Currently, supply remains steady, and unless there is a major disruption, the market is expected to face a significant surplus in the new year. In its report, the IEA also lowered its global oil demand growth forecast for this year due to weaknesses in China, a day after OPEC made similar adjustments. On Tuesday, oil prices dropped more than 4% to around $74 per barrel, influenced by the weakened demand outlook and a media report indicating that Israel is inclined not to strike Iranian oil facilities.

The IEA revised its forecast for world oil demand growth for this year to an increase of 860,000 barrels per day (bpd), a reduction of 40,000 bpd from previous estimates. For next year, the agency anticipates an expansion of 1 million bpd, about 50,000 bpd higher than last month’s expectations. Historically, China has been a significant driver of global oil consumption growth, but the IEA has indicated that slower economic growth and a transition to electric vehicles are altering this trend for the world’s second-largest economy.

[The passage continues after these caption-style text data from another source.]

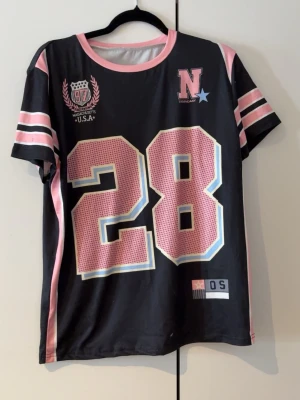 Svart t-shirt med rosa detaljer och tryck - Cool svart t-shirt med stora siffran 28 i rosa och vitt framtill, rosa och vita ränder på ärmarna samt sportiga tryck på bröstet. T-shirten har rund halsringning och korta ärmar. Perfekt för en avslappnad och sportig look.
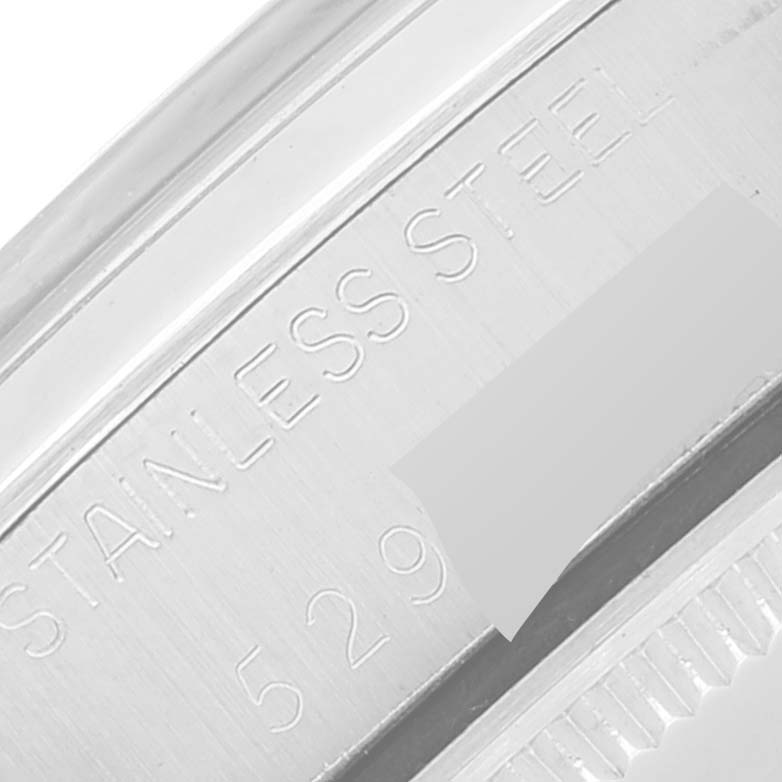 The image shows a close-up of the etched "STAINLESS STEEL" text on the side of the case of a Rolex Air-King 5500 Men's Stainless Steel Silver Dial 5500 Men's Stainless Steel Silver Dial watch.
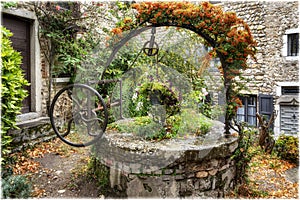 An ancient abandoned well decorating with flowers in medieval village Perouges, France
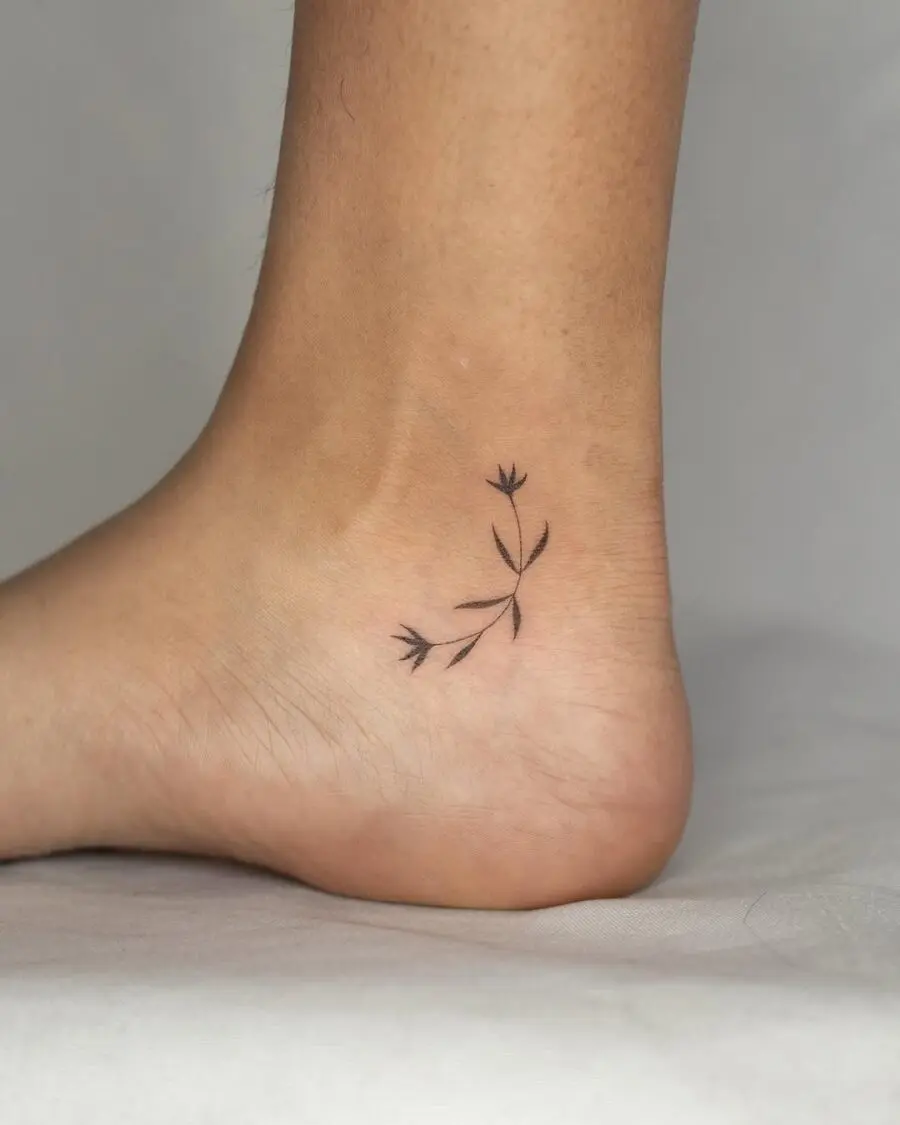 Minimalistic flower ankle tattoo with elegant curves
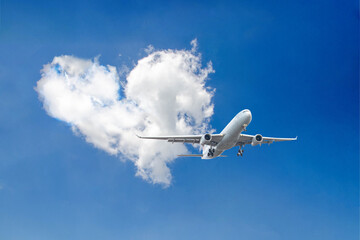 White passenger airplane flying in the sky amazing clouds in the background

As reported by theeconomictimes.com, the agency now expects Chinese oil demand to rise by 150,000 bpd in 2024, a decrease of 30,000 bpd from its prior forecast. Notably, consumption fell by 500,000 bpd in August compared to the same month last year, marking the fourth consecutive month of decline. “Chinese oil demand continues to fall short of expectations and is the primary obstacle to overall growth,” the IEA stated.

OPEC also revised its 2024 global demand growth forecast downward but still anticipates a stronger expansion of 1.93 million bpd, partly due to a larger contribution from China. The discrepancy between the IEA and OPEC forecasts represents over 1% of global demand.

As demand slows, non-OPEC countries are increasing supply. The IEA projects non-OPEC production growth of 1.5 million bpd this year and next, driven by rising output from the U.S., Guyana, Canada, and Brazil, surpassing the rate of demand growth. “Concerns about oil supply security are emerging against a backdrop of a global market that, as we have been emphasizing for some time, appears adequately supplied,” the IEA concluded.